▸ **Task description**:
Only the closing stretch of the material is wanted: the line containing "Moissac (Südwestfrankreich): Schiffbarer" and every line after it, transcribed exactly.
######
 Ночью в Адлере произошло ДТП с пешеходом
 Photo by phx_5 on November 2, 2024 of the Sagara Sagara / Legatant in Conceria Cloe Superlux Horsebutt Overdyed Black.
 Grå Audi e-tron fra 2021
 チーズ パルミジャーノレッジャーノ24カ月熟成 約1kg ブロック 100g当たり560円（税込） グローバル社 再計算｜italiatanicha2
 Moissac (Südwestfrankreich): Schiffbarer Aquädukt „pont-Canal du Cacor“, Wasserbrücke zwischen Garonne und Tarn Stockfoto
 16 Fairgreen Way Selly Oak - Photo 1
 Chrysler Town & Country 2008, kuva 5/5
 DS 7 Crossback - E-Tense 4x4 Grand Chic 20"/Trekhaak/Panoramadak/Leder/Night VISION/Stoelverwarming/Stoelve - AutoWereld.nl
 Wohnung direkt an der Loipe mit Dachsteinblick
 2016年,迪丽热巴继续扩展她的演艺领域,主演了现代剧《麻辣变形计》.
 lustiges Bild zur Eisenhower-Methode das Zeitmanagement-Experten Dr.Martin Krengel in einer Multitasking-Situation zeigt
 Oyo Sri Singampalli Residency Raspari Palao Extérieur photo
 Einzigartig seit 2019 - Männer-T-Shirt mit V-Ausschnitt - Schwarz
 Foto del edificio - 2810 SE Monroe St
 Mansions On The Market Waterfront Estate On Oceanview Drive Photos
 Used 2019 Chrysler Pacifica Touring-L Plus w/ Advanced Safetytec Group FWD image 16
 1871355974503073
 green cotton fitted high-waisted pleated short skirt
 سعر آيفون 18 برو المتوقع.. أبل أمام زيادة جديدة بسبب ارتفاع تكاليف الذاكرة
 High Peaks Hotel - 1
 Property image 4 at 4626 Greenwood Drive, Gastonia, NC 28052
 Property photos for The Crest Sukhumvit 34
######
▸ **Your solution**:
 Moissac (Südwestfrankreich): Schiffbarer Aquädukt „pont-Canal du Cacor“, Wasserbrücke zwischen Garonne und Tarn Stockfoto
 16 Fairgreen Way Selly Oak - Photo 1
 Chrysler Town & Country 2008, kuva 5/5
 DS 7 Crossback - E-Tense 4x4 Grand Chic 20"/Trekhaak/Panoramadak/Leder/Night VISION/Stoelverwarming/Stoelve - AutoWereld.nl
 Wohnung direkt an der Loipe mit Dachsteinblick
 2016年,迪丽热巴继续扩展她的演艺领域,主演了现代剧《麻辣变形计》.
 lustiges Bild zur Eisenhower-Methode das Zeitmanagement-Experten Dr.Martin Krengel in einer Multitasking-Situation zeigt
 Oyo Sri Singampalli Residency Raspari Palao Extérieur photo
 Einzigartig seit 2019 - Männer-T-Shirt mit V-Ausschnitt - Schwarz
 Foto del edificio - 2810 SE Monroe St
 Mansions On The Market Waterfront Estate On Oceanview Drive Photos
 Used 2019 Chrysler Pacifica Touring-L Plus w/ Advanced Safetytec Group FWD image 16
 1871355974503073
 green cotton fitted high-waisted pleated short skirt
 سعر آيفون 18 برو المتوقع.. أبل أمام زيادة جديدة بسبب ارتفاع تكاليف الذاكرة
 High Peaks Hotel - 1
 Property image 4 at 4626 Greenwood Drive, Gastonia, NC 28052
 Property photos for The Crest Sukhumvit 34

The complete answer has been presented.